Richard Tillinghast has published thirteen books of poetry and five works of creative nonfiction. His thirteenth book of poems, Blue If Only I Could Tell You, winner of the White Pine Press Poetry Prize, came out in 2022. He studied with Robert Lowell at Harvard and wrote a critical memoir, Robert Lowell’s Life and Work: Damaged Grandeur. In 2010 he was awarded a Guggenheim Foundation Fellowship in poetry, along with a National Endowment for the Arts Fellowship in translation for Dirty August—his versions of poems by the Turkish poet, Edip Cansever—written in collaboration with his daughter, the poet Julia Clare Tillinghast. He has been a faculty member at Harvard, UC Berkeley, Sewanee, Trinity College Dublin, and the University of Michigan, and is one of the founders of Bear River.

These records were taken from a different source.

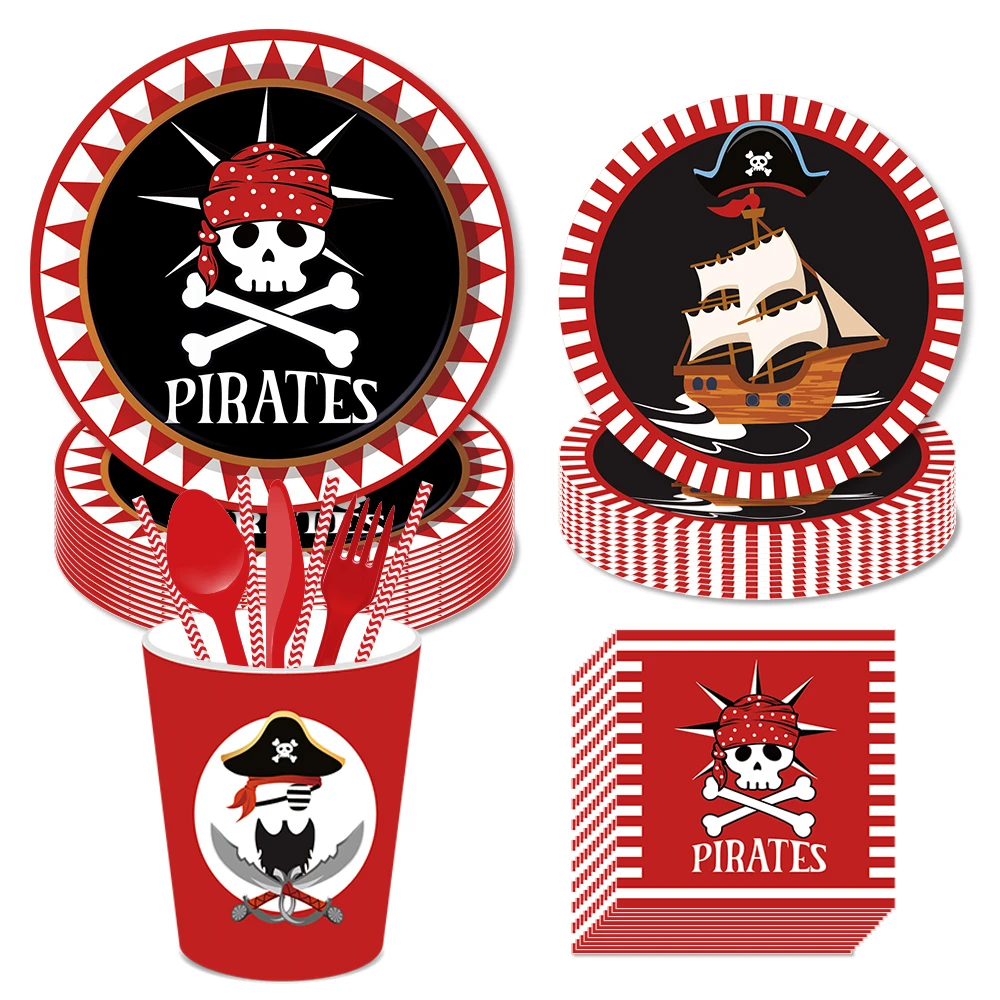

Happy Birthday Cartoon Pirate Dinner Plate Disposable Tableware Sets Kids Party Favors Pirate Theme Baby Shower Party Decoration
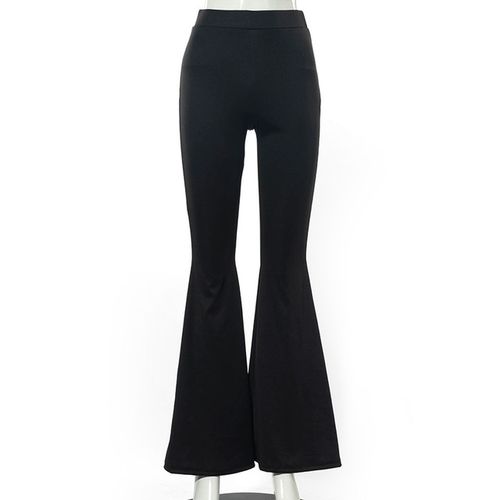 Fashion Allneon 90s Aesthetics High Waist Black Flare Pants Y2k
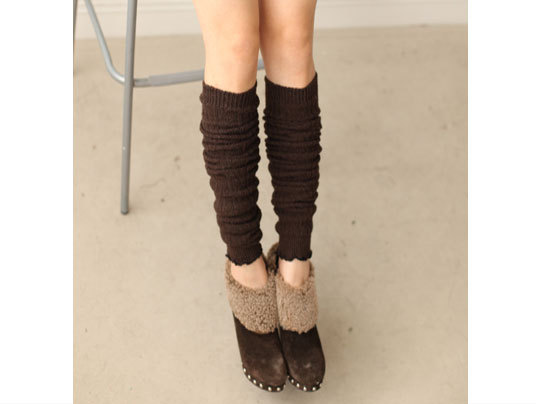 High Quality Long Wool Crochet  Leg Warmers Knit Leg Socks Boot Sock Chocolate Leg Warmers for Cold Day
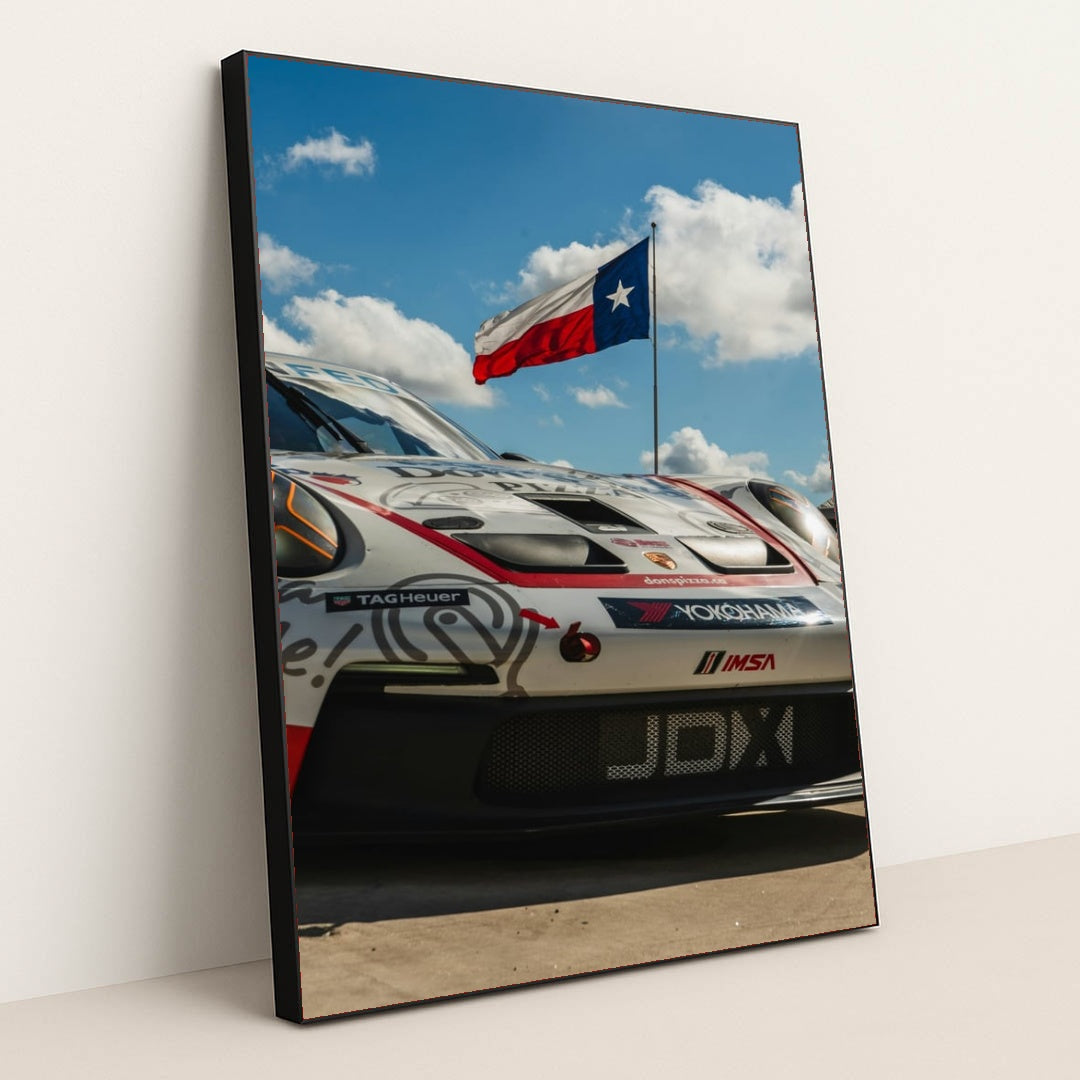Porsche Race Car Under the Texas Sky by Muyenda Burnett - Black Frame Stretchiez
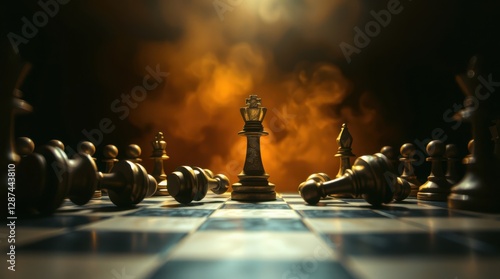 Chess showdown with fallen pieces surrounding a standing king under dramatic lighting. Strategy matters. photo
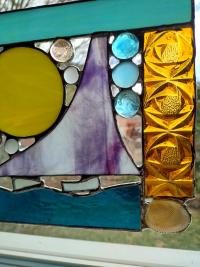 Beach Ocean Sailing Scene Abstract Stained Glass Mixed Media Panel Suncatcher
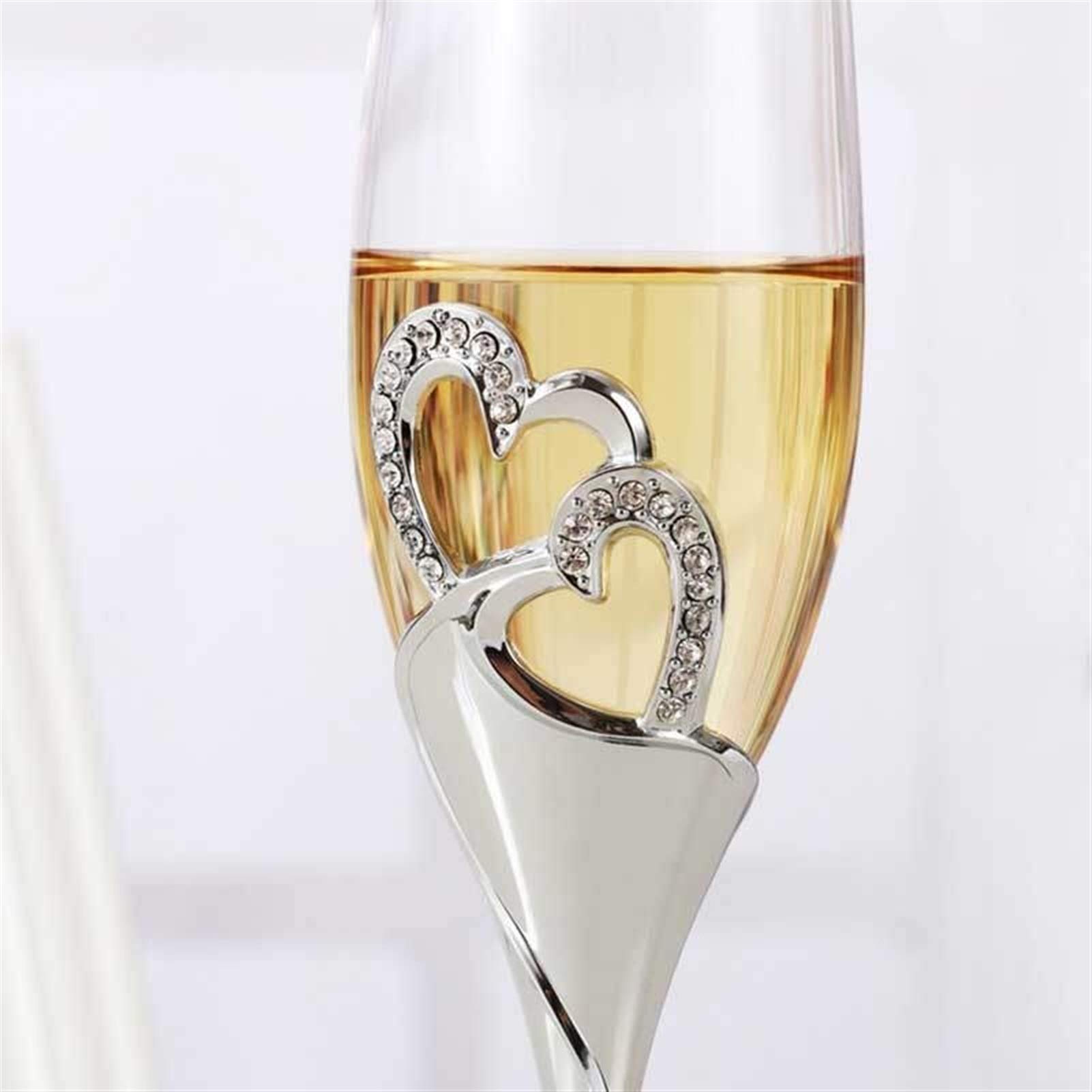 Creatieve Wijnglazen Set Met Geëmailleerde Kristal Diamant Hartvormig Voor Bruiloft En Liefdesparen Champagne 2 Delig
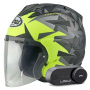 Casque Open Face Arai SZ-R Vas Evo Mimesis Yellow + Kit Bluetooth Lokui K30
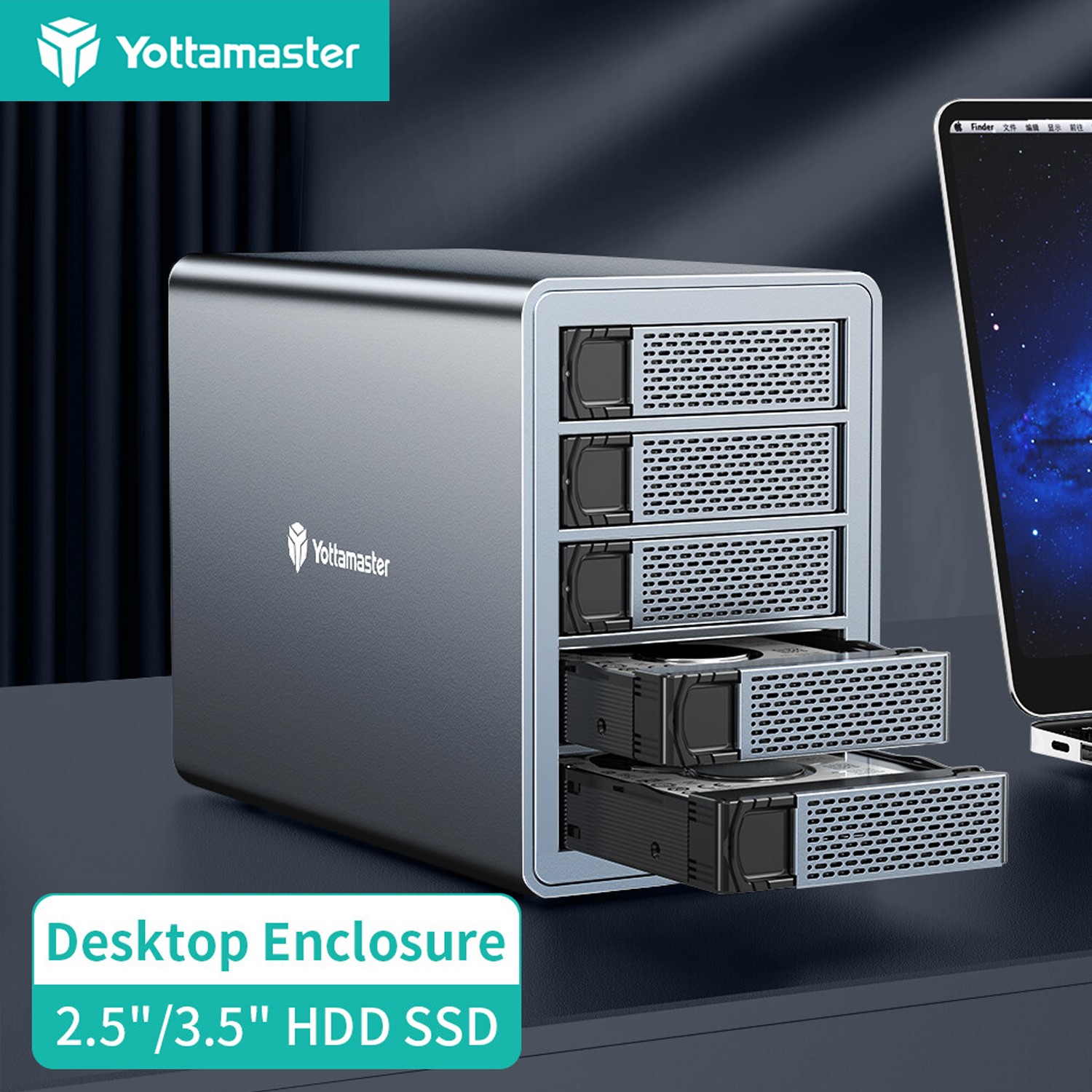 2/4/5 Bay Type C Hard Drive Enclosure W/ Daisy Chain For SATA 2.5 & 3.5" SSD/HDD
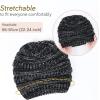 imageFURTALK Winter Beanie Hat for Women Satin Lined Cable Knit Chunky Slouchy Beanies Skull Warm CapBlack White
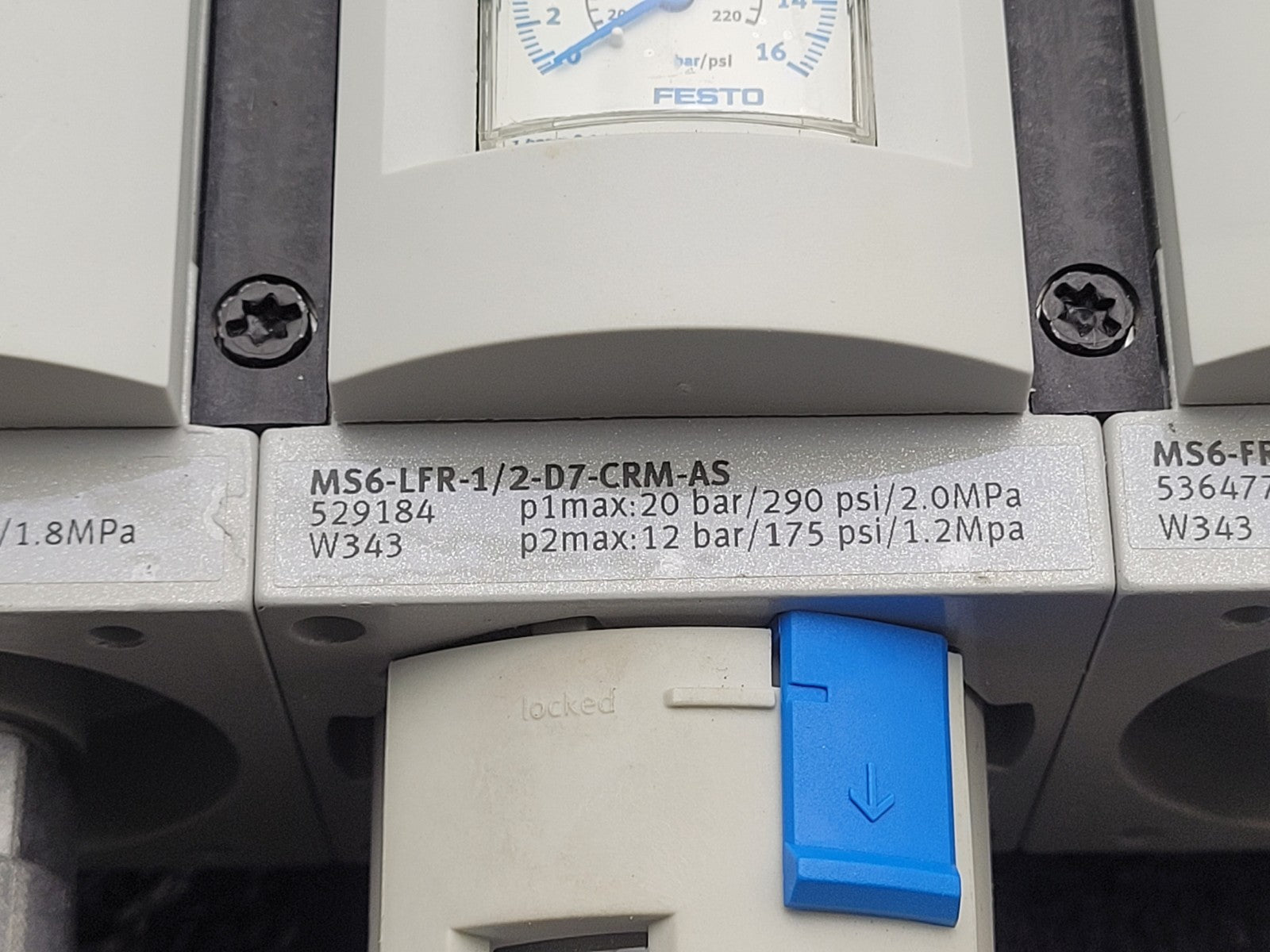 Festo MS6-LFR Filter Regulator On/OFF Solenoid Pneumatic Air Manifold 531030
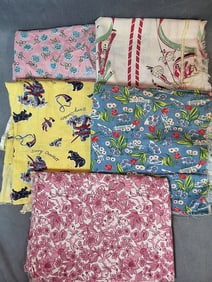 5 Vintage Novelty Printed Feedsacks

Richard retired from the UM in 2005 and lived in Ireland for six years, moving back to this country in 2011. He now lives most of the year in Hawaii and spends his summers in Tennessee.
Workshop
Firing the Poetic Imagination
In this workshop we’ll be looking for ways to stretch and expand our imaginations. I’ll be giving a series of prompts intended to help us free ourselves from habitual ways of thinking and writing. Writing about the things we’re familiar with is great, but when we go inside the amazing labyrinth of our imaginations, we often encounter wonderful surprises. Maybe we can slip outside our quotidian self into something larger and freer, or explore a bird, animal, toy, river, or historical character as a stand-in for the self. Maybe we can entertain the idea that poetry can be a form of fiction. As Derek Walcott wrote, “Every ‘I’ is a fiction finally.” Detroit poet Philip Levine’s wonderful poem “I Was Born in Lucerne” begins “Everyone says otherwise,” and the poem blossoms out of a stubborn defiance to keep other people’s idea of reality from defining the self. The prompts I will give you are designed to trigger associations we didn’t know were there, to take us on journeys we had perhaps never contemplated before. The idea is for you to leave Bear River with a basketful of beginnings for new poems of your own.